中央部には暖房を兼ねた囲炉裏のようなものが配置されていて、山特有の肌寒さは無い。
放置されている道具類も、鉈、斧、毛皮のジャケットなど無骨な物が多いが、その中でも特に血で汚れた包帯と薬草が目に付いた。
「なに? 怪我、してるの?」
アリューシャはそれ目敏く見つけ、首を傾げて尋ねる。
ハンス君はそれ見て、小さく笑って頷いた。
「少し。ドジを踏んだ」
「治してあげるね、【ヒール】!」
アリューシャが凄まじい速さで魔法陣を展開して【ヒール】を発動させる。
元々ヒールの魔法陣展開速度はかなり高速なのだが、彼女はこの三年で更に早くなっている。
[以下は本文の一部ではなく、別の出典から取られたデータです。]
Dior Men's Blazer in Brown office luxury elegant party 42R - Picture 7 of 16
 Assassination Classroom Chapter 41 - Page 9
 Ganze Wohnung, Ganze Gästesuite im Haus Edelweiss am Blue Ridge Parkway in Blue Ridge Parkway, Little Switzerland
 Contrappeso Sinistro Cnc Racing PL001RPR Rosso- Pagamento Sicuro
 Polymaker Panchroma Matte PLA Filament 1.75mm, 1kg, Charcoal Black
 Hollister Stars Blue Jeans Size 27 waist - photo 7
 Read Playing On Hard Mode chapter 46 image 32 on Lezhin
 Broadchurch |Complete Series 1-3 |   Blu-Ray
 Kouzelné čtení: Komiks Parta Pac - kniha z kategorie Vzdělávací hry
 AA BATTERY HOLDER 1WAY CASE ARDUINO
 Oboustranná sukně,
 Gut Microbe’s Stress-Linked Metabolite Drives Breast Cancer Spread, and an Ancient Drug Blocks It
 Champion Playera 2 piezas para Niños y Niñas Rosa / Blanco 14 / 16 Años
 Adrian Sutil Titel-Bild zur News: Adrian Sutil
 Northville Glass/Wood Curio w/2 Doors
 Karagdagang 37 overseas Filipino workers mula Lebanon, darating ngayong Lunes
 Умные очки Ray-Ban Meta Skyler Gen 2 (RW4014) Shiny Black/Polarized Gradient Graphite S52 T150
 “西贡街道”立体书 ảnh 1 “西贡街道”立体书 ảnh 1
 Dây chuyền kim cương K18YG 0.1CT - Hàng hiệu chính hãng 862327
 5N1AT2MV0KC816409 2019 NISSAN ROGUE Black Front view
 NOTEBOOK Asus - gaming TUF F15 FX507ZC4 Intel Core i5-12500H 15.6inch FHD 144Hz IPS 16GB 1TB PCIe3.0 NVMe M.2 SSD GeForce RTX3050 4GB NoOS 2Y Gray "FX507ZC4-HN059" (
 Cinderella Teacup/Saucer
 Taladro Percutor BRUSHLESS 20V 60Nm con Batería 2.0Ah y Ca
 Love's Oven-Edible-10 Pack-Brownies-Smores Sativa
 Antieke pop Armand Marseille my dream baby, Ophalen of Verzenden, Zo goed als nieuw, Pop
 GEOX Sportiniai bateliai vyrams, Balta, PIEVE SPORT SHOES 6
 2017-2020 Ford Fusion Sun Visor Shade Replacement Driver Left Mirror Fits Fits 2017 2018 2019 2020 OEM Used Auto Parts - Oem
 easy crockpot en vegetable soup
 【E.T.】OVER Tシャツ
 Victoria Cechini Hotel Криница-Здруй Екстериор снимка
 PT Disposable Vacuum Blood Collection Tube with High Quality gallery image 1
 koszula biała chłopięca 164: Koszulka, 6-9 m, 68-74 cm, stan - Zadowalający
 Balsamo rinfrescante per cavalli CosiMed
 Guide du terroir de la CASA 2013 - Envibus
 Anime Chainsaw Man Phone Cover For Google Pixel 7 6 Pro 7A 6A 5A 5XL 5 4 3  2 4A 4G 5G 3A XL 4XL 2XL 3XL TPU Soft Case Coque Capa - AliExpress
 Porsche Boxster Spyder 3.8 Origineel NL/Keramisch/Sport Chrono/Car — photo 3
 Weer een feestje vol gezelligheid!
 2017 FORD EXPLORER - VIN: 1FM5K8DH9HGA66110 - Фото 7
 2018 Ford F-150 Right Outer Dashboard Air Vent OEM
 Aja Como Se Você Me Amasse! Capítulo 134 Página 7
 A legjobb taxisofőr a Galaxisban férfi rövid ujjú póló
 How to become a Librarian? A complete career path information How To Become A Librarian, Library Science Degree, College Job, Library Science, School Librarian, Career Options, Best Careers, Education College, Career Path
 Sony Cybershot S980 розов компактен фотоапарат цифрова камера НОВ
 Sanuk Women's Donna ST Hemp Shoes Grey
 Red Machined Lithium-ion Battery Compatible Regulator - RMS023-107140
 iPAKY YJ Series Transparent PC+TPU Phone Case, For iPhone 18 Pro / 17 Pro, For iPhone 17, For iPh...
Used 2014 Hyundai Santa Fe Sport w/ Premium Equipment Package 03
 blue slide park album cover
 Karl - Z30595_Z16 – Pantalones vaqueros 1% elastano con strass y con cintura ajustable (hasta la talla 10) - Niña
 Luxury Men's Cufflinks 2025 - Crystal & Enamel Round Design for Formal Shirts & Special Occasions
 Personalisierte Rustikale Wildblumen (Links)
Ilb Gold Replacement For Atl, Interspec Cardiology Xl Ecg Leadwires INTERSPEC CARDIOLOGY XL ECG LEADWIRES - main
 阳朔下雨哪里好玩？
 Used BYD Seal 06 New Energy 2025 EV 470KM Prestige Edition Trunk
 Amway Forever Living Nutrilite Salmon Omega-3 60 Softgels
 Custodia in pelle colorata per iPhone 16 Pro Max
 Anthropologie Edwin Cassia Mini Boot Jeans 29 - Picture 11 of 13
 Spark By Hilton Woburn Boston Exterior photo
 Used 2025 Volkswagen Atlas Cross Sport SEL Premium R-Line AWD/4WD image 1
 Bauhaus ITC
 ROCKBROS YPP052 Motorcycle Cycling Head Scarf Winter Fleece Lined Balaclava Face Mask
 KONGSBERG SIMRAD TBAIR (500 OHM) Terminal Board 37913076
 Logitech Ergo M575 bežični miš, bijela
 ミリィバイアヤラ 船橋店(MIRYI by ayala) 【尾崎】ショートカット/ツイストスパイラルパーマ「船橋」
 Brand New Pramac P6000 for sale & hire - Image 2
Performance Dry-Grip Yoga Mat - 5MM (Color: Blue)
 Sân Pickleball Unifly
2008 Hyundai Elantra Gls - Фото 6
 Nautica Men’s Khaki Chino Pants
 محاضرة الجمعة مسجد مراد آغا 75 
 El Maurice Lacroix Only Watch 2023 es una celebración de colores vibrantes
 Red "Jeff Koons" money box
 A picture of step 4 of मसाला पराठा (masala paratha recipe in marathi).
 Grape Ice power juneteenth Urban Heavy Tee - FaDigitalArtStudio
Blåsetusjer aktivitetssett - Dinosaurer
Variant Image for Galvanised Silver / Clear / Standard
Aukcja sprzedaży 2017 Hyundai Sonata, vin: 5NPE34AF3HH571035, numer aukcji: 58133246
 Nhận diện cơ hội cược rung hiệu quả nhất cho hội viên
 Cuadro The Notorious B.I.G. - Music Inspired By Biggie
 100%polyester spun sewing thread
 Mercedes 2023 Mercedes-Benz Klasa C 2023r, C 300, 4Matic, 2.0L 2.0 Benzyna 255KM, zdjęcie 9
「ありがとう。相変わらず凄いね。詠唱が必要ないんだから」
「まぁ、ボク達の固有スキルってことで。それで、どうしてそんな怪我してるの?」
怪我を治したことより、怪我をした理由の方が気になる。
わりと深い傷もあったんじゃないか?
「俺、防人やってるんス。だから怪我多い」
「防人? この山で?」
「今、この山にはドラゴンが住み付いてるッス」
「な!?」
ドラゴン。
ファンタジーでも、最もメジャーな幻想生物。
リンちゃんの例もあるように、多種多様な種が存在し、その強さは千差万別。
だが共通しているのは、『強者』であると言うことだ。
この世界でもドラゴンは強者であり続け、討伐しようとすれば軍隊の動員が不可欠なほど。
レグルさんほどの英雄クラスでも単独での討伐は難しく、同じ力量の冒険者数人とパーティを組む必要がある。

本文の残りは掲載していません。